A-Parser functionality allows you to save SE::YouTube::Video parsing settings for future use (presets), set up parsing schedules, and much more.
Saving results is possible in any form and structure you need, thanks to the built-in powerful Template Toolkit which allows applying additional logic to results and outputting data in various formats, including JSON, SQL, and CSV.
Collected data
- Video title and description
- Video duration
- Number of views, likes, and comments
- Link to the preview image
- Author's name, links to their avatar and channel, and subscriber count
- Video subtitles (including timestamp information)
- List of tags
- List of comments (including replies to comments)
- Comment ID and parent comment ID (for replies)
- Author's name, link to profile and avatar
- Comment text and publication time
- List of related videos
- Link and video title
- Author and date
- View count and video duration
- Information about video chapters ($chapters)

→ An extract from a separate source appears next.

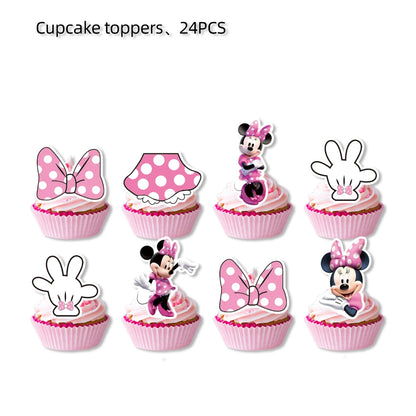 Minnie Mouse Birthday Party Disposable Tableware Set - Smarsty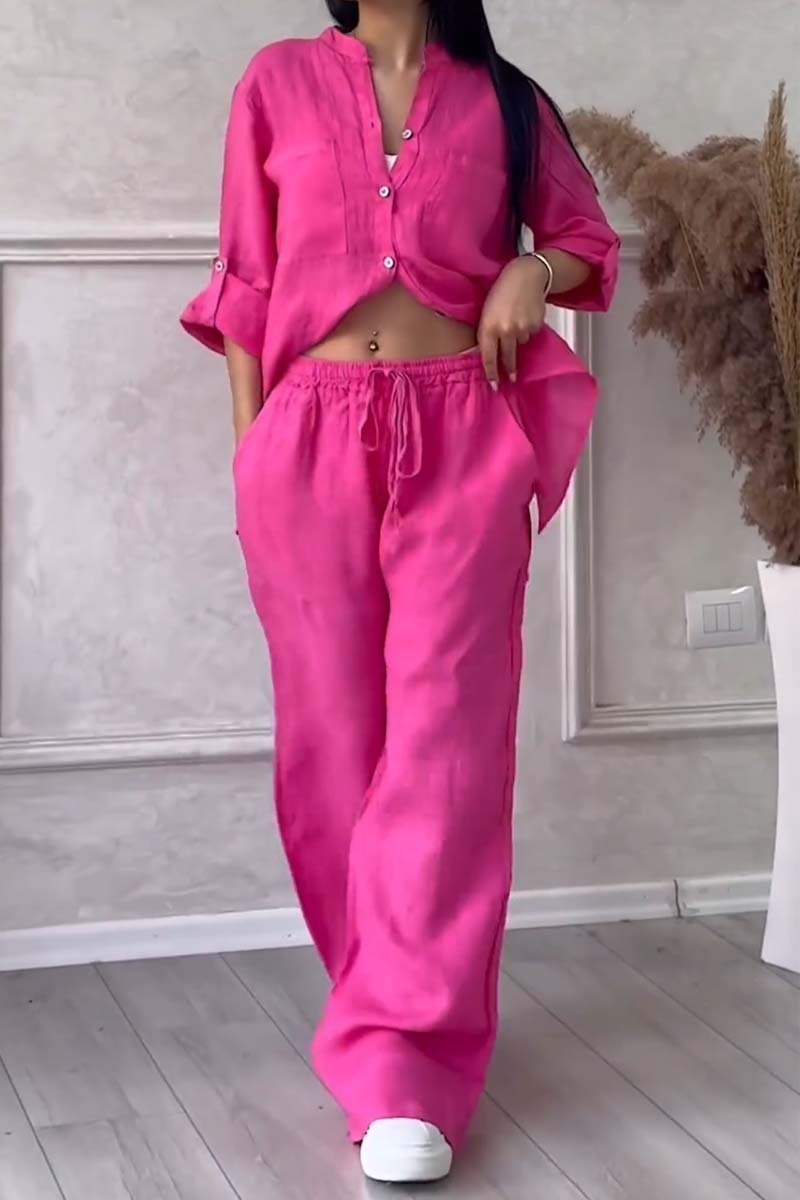 Claudia I Tweedelige set met katoenen en linnen broek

- Title, start time in seconds, and link to the preview image
Capabilities
- Interface language selection
- Subtitle language selection
- Specifying the number of comment pages (approximately 20 comments per page)
- Specifying the maximum number of reply pages for each comment (approximately 10 replies on the first page, about 50 on subsequent ones)
- Specifying the number of related video pages (approximately 20 videos per page)
- Shorts support
Use cases
- Collecting statistical data about YouTube videos
- Parsing subtitles and comments as a source of text content
- Searching for related videos
Features
Subtitle language selection logic
The parser uses the following priority (in descending order): author-provided, author-translated, auto-generated, auto-generated translated.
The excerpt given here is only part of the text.